AVAILABLE DATA –
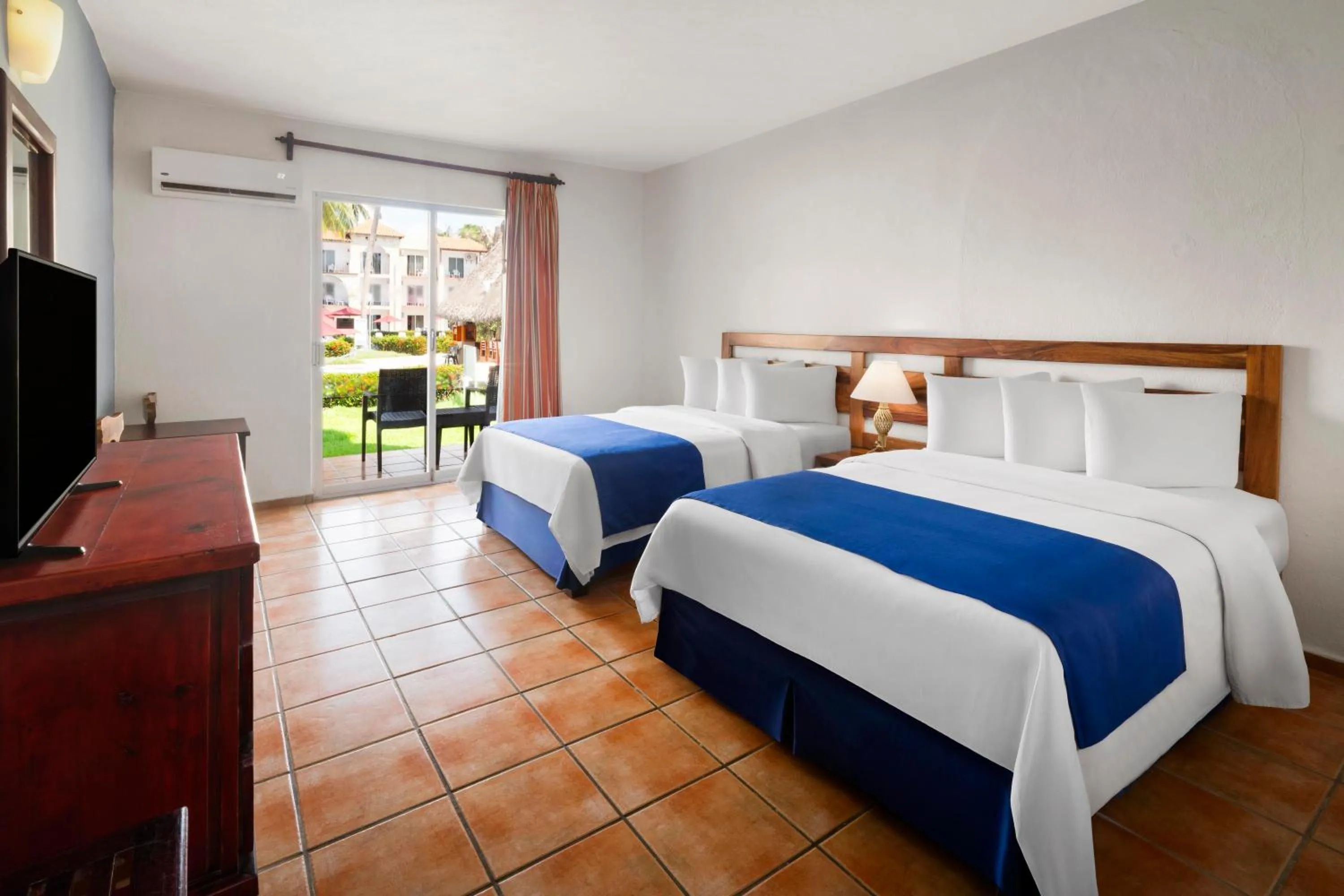 Bed in Grand Decameron Complex Bucerias, A Trademark All-Inclusive Resort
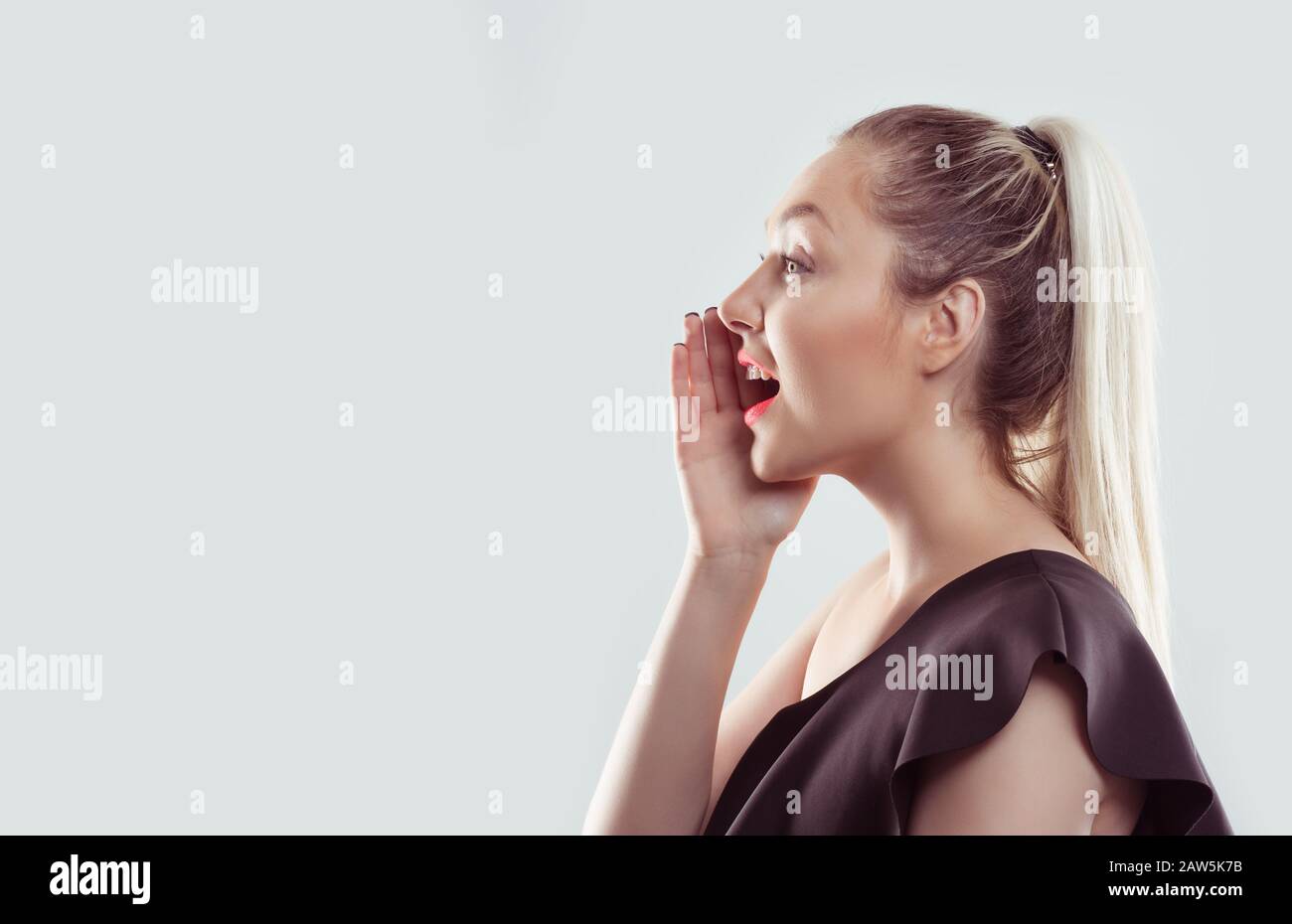 Ho un segreto per dirvi. Closeup ritratto di una donna in profilo sussurrando un pettegolezzo isolato bianco grigio chiaro sfondo Foto Stock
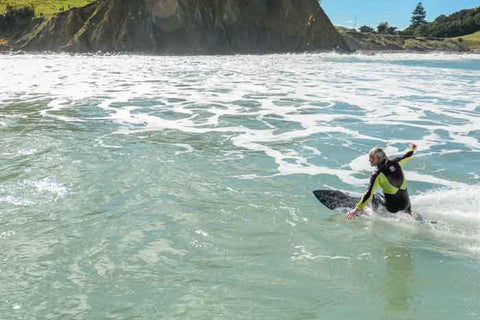 Image of local surf Stephan "Teddy" Colbert surfing on his back hand at Sponge Bay taken from the water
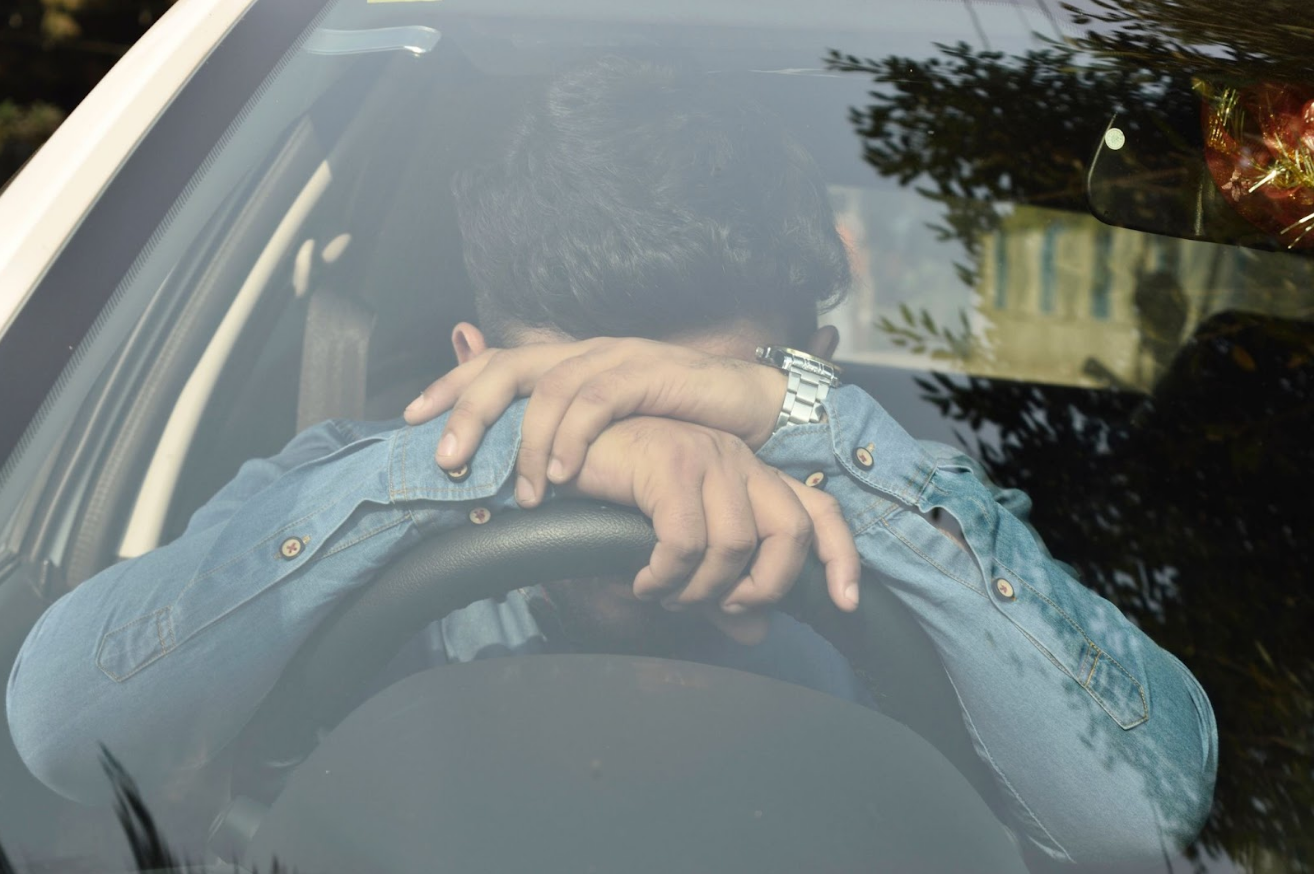 Frustrated driver slumped over steering wheel, symbolizing 2024 Lincoln Navigator problems and ongoing vehicle issues. 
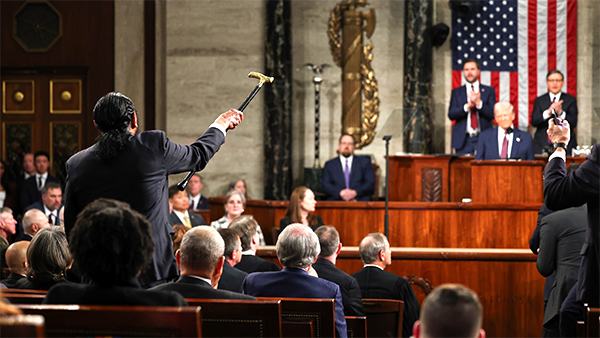 Rep. Al Green shaking his cane at Donald Trump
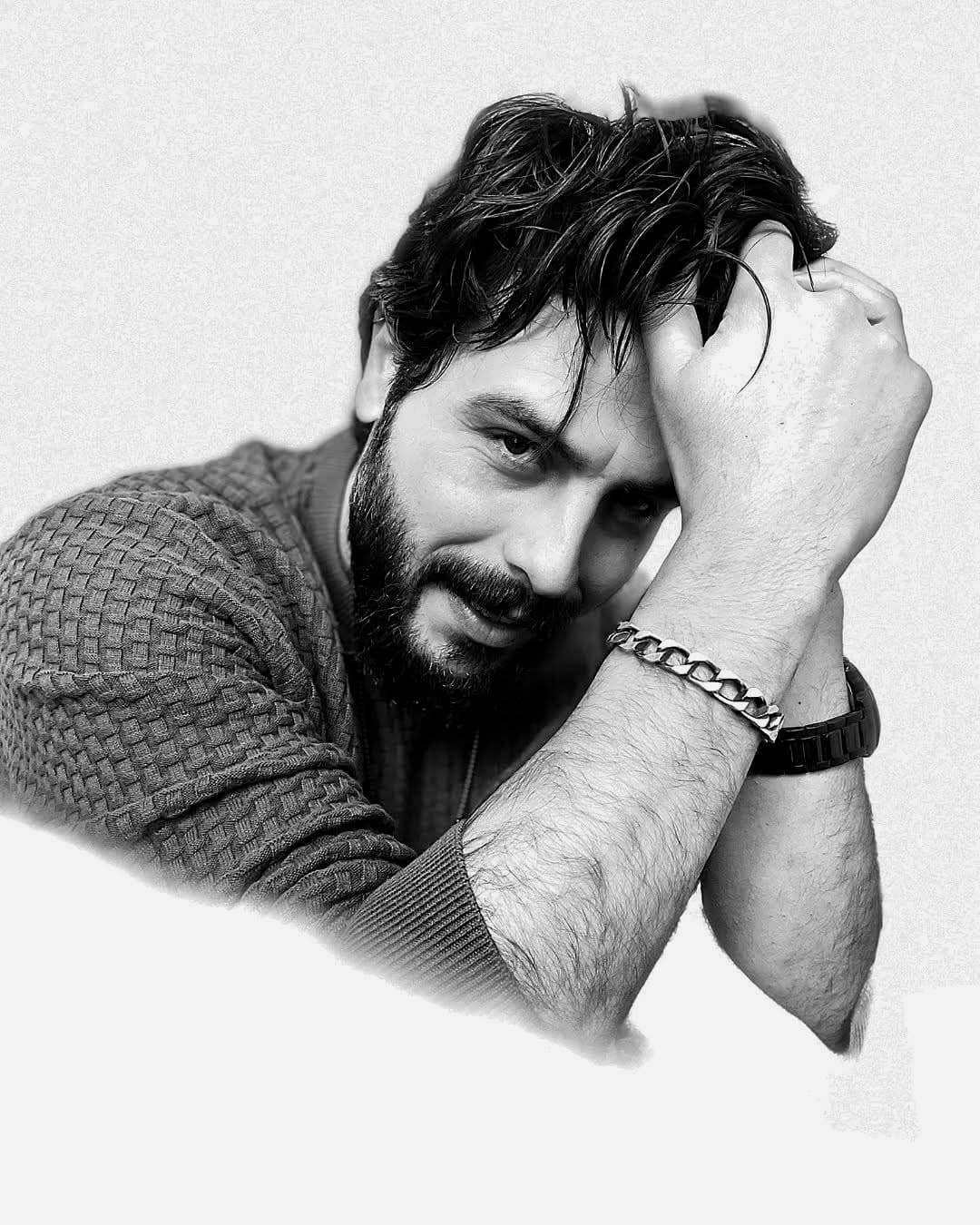 Bearded man in a textured sweater resting head on hands, black and white portrait.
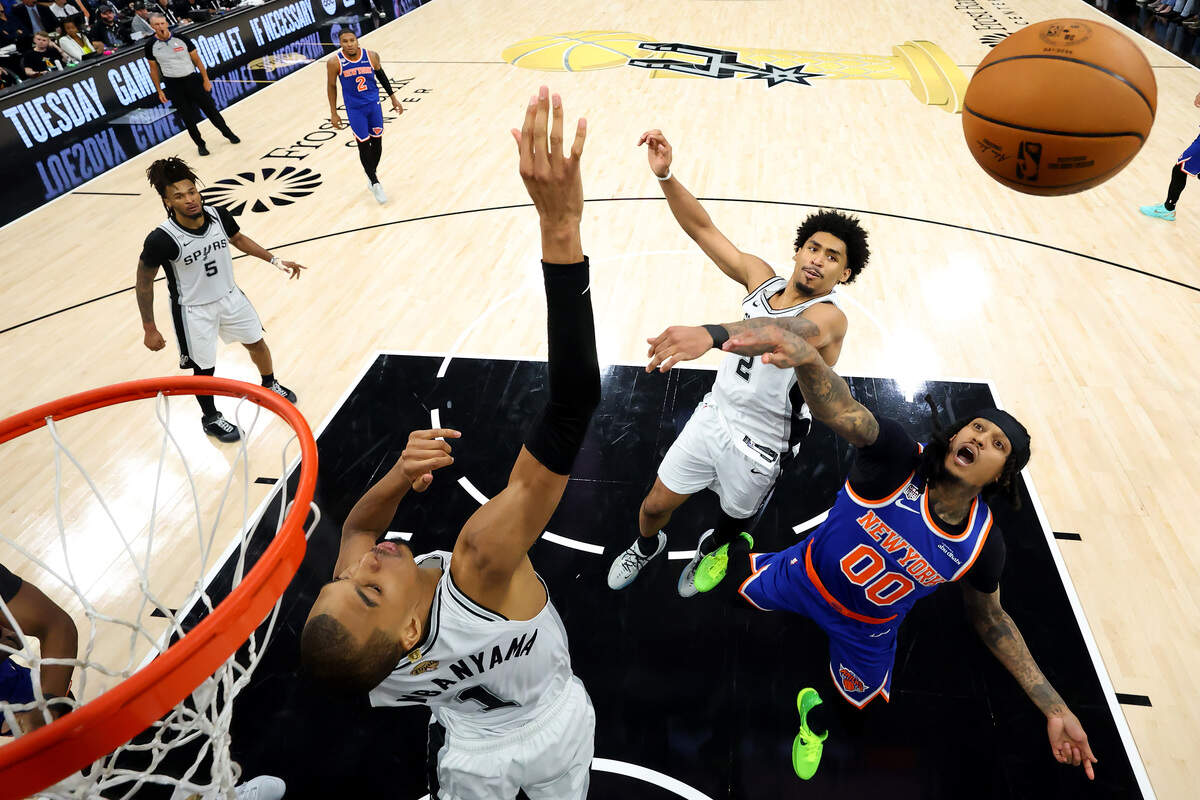 Jordan Clarkson #00 of the New York Knicks shoots against Victor Wembanyama #1 and Dylan Harper #2 of the San Antonio Spurs during the second half in Game 5 of the 2026 NBA Finals at Frost Bank Center on June 13, 2026 in San Antonio, Texas.
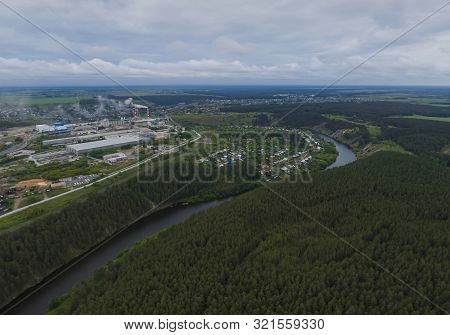 Sukhoy Log City, Pyshma River, Dark Forest And Cement Factory. Russia, Aerial, Cloudu Day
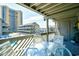 Relaxing balcony with a table and chairs showcasing a view of the pool and neighboring buildings at 9621 Shore Dr. # F-117, Myrtle Beach, SC 29572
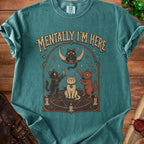 Teal t-shirt with occult cats, moon, candles, and text "MENTALLY I'M HERE".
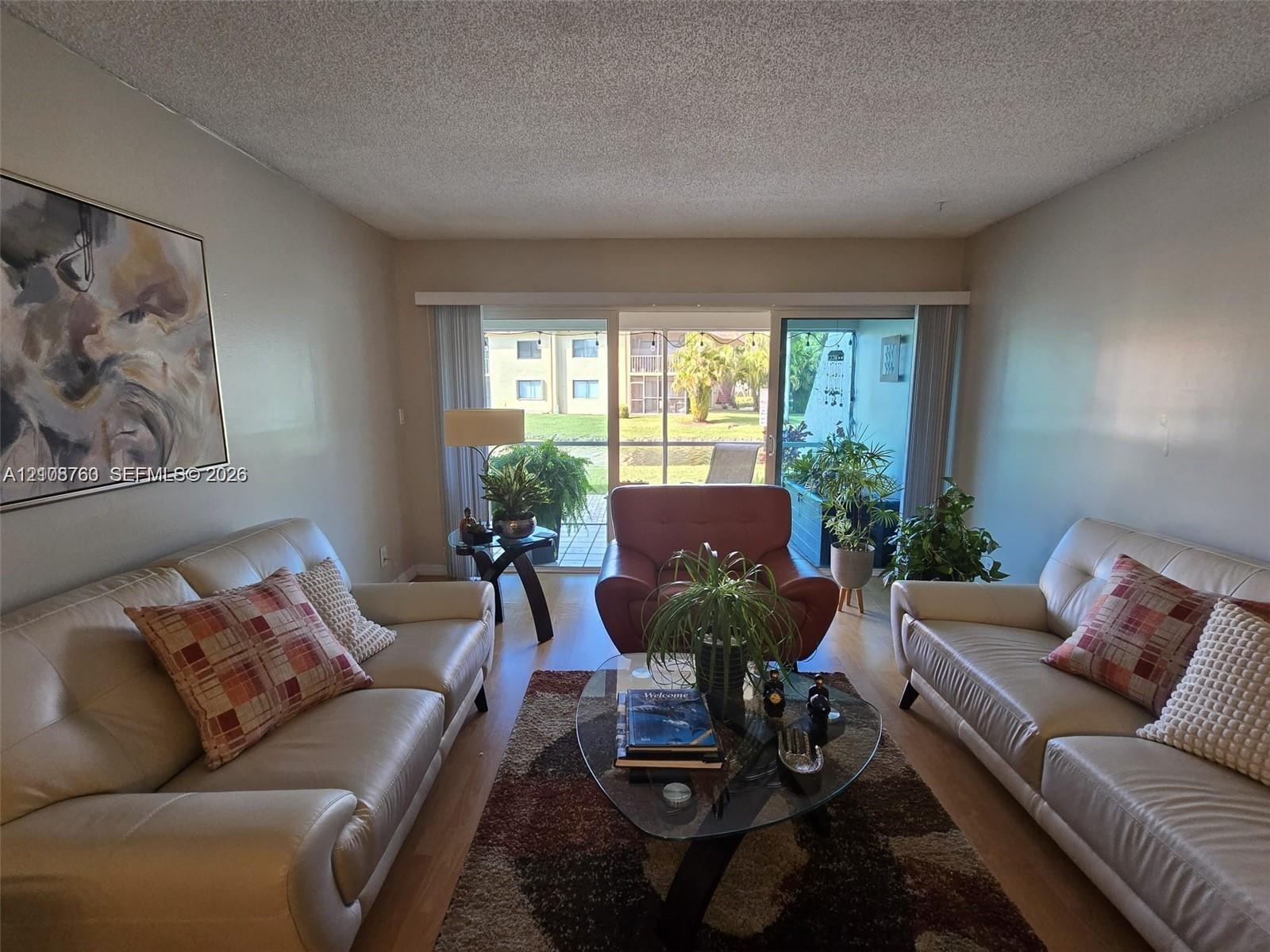 Living area featuring wood-finish flooring and large sliding glass doors leading to a screened balcony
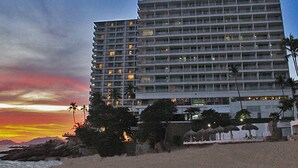 Un hotel de gran altura con varios pisos, una playa en primer plano y palmeras.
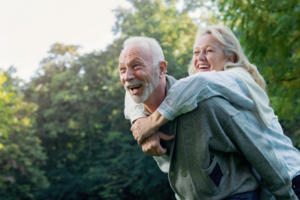 Mature woman piggy-back riding on her husband’s back, both smiling and surrounded by trees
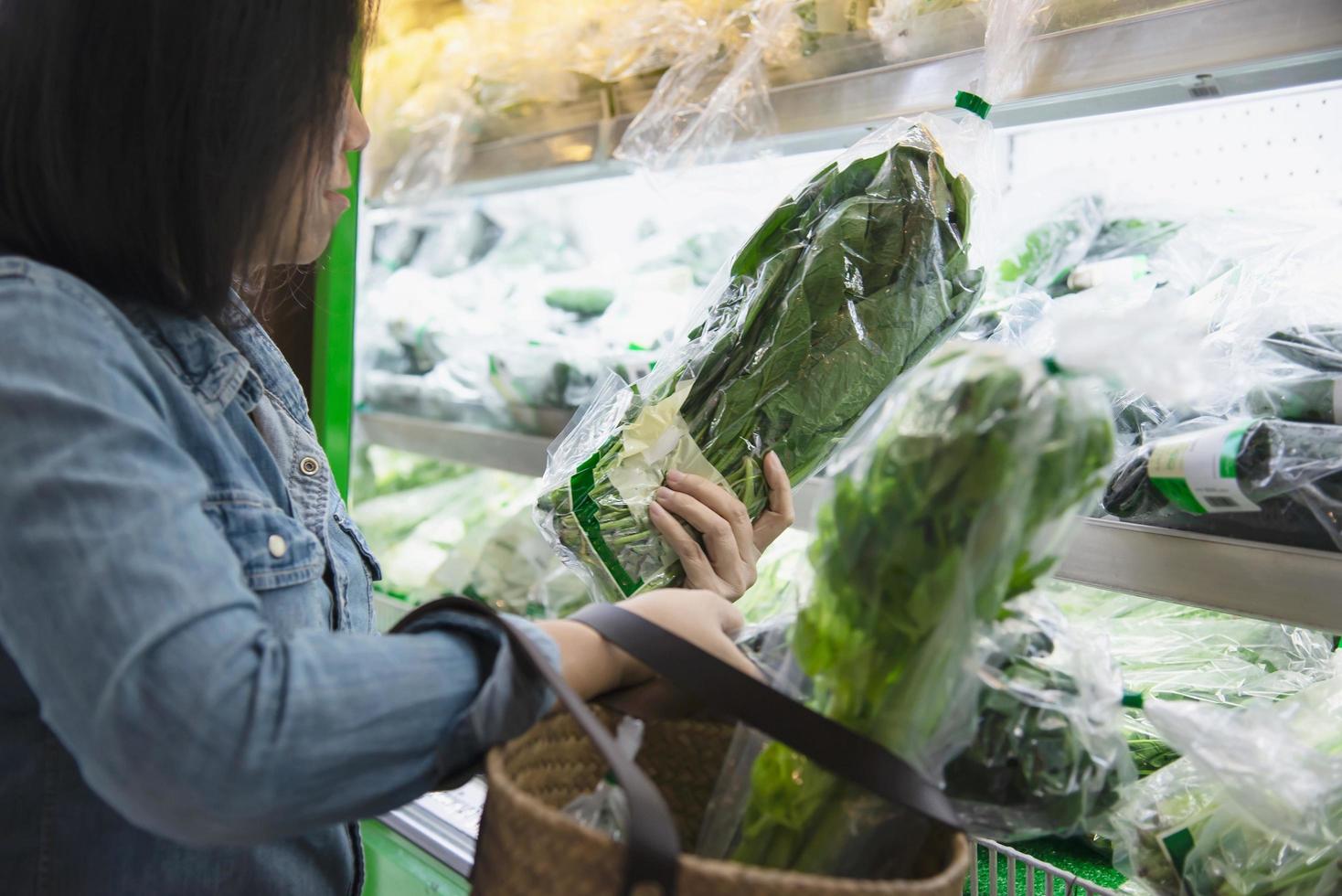 la signora sta acquistando verdura fresca nel negozio del supermercato - donna nel concetto di stile di vita del mercato fresco foto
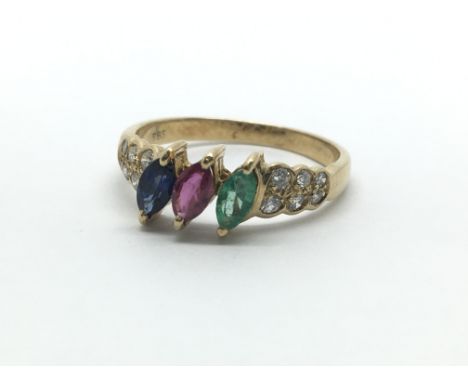 A 14ct yellow gold multi stone ring, the central sapphire, ruby and emerald flanked by six diamonds, ring size approx L/M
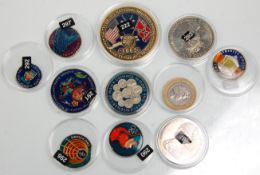 A good group of eleven coins being hand enamelled to the reverse sides to include £1 Falkland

HOW TO COMPLETE THIS TASK – Every line from the one holding "Mature woman piggy-back" through the last line of the entries above, and nothing else, is to be restated word for word. Pictures stay out.

EXERCISE OUTPUT –
 Mature woman piggy-back riding on her husband’s back, both smiling and surrounded by trees
 la signora sta acquistando verdura fresca nel negozio del supermercato - donna nel concetto di stile di vita del mercato fresco foto
 A 14ct yellow gold multi stone ring, the central sapphire, ruby and emerald flanked by six diamonds, ring size approx L/M
 A good group of eleven coins being hand enamelled to the reverse sides to include £1 Falkland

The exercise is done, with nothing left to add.